The Camp House
Enter this popular Southside coffeehouse and you’ll notice the scrumptious, heady aroma of the different coffees that are brewing before stopping at the desk, signing up to play, paying and picking up your voting slip. At the end of each open mic night both audience members and players alike vote for the best performance and one talented player goes home with a little extra gas money. And what an assortment of talent you will see.
Christian Collier presides over the show, usually beginning the evening with original poetry of his own. Hailing from Slidell, La., Collier earned a degree in English from the University of Tampa. He’s been in Chattanooga since the late 1980s and has been emcee for open mic night at Camp House for the last four months.
“I like to keep the operation simple,” Collier said. “We frown upon competing with non-original material here, so it’s almost mandatory to perform original songs, poetry and comedy.”
The Camp House is home to an expansive, roomy stage and well-worn brick walls that surround the entire venue. Various tables, benches, chairs and sofas offer comfortable observation artfully scattered in the room. Waiters busily rush back and forth bringing plates and cups to patrons. An excited tension fills the room.
On a recent night, Collier opens with an original poem to the mostly young, intellectual audience before turning the stage over to poet (and Pulse art critic) Michael Crumb. Crumb recites a melancholy poem entitled “A Rabbit Contemplates Sunset.” The audience responds in kind and the music begins.
Jessica Weaver, bent over her Martin guitar, sings original songs penned about the loss of love. Morgan Stanley sings a soulful tune a capella she wrote in the car on the way to the venue.
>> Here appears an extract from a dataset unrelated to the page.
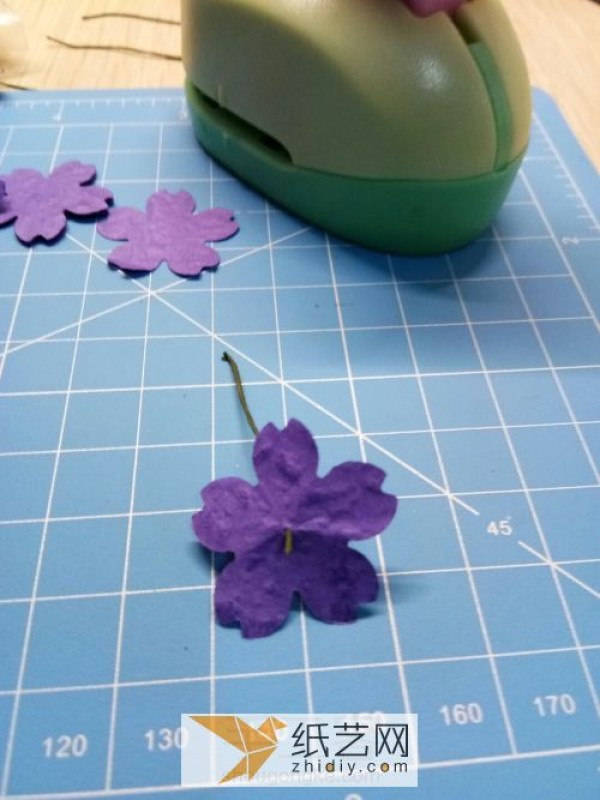 Original handmade paper flower hairpins and hairbands tutorial with origami bow folding method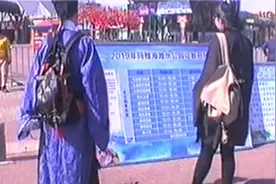 用30年前的老录像机拍摄的视频。不需要滤镜。自然复古风。厉害了视频封面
Her voice is loud, confident and harmonious. She’ll be tough to beat. Other acts are equally intimidating, ranging from (sometimes frantic and emotional) spoken word over a strummed guitar to Dylan-esque performances from a flannel-clad duo.
“For the price of a foot-long Subway sandwich you can come in here and listen to some quality acts,” said Collier. It’s a very inexpensive way to see some of the best talent Chattanooga has to offer.”
Besides coffee, The Camp House offers a nice but small assortment of import beers. You can also bring your own wine and sip your favorite vintage while listening to the performers.
The Camp House is located at 1427 Williams St. Open mic night is every Tuesday from 7:30 to 10 p.m. For more information call (423) 702-8081 or visit thecamphouse.com.
There’s a lot of talent in this tiny, smoke-filled room hidden inconspicuously behind The City Café Diner in the Days Inn hotel on the edge of downtown. From Hip-Hop to Delta blues to the sweet strains of country, a plethora of music can be heard resonating from the tiny stage. In these comfortable yet cramped confines, it’s almost like entertainers are not on stage at all, but playing as part of the audience. It gives the term “intimate” a whole new meaning.
Mark “Porkchop” Holder, a talented Delta Blues guitarist and somewhat of a local institution, presides over the weekly open mic here. A Tennessee native raised on traditional southern gospel, he’s a real music veteran who has toured Europe half a dozen times and performed in all the contiguous 48 states.
Dressed the part, Mark is clad in overalls and a white T-shirt. A genuine person, he is easy to talk to. “People that come to The Office are experiencing real communication from one human being to another,” he said. “This is reality in here. Everything else is just an abstraction. If you really want to develop your art, you’re gonna have to play in front of people.”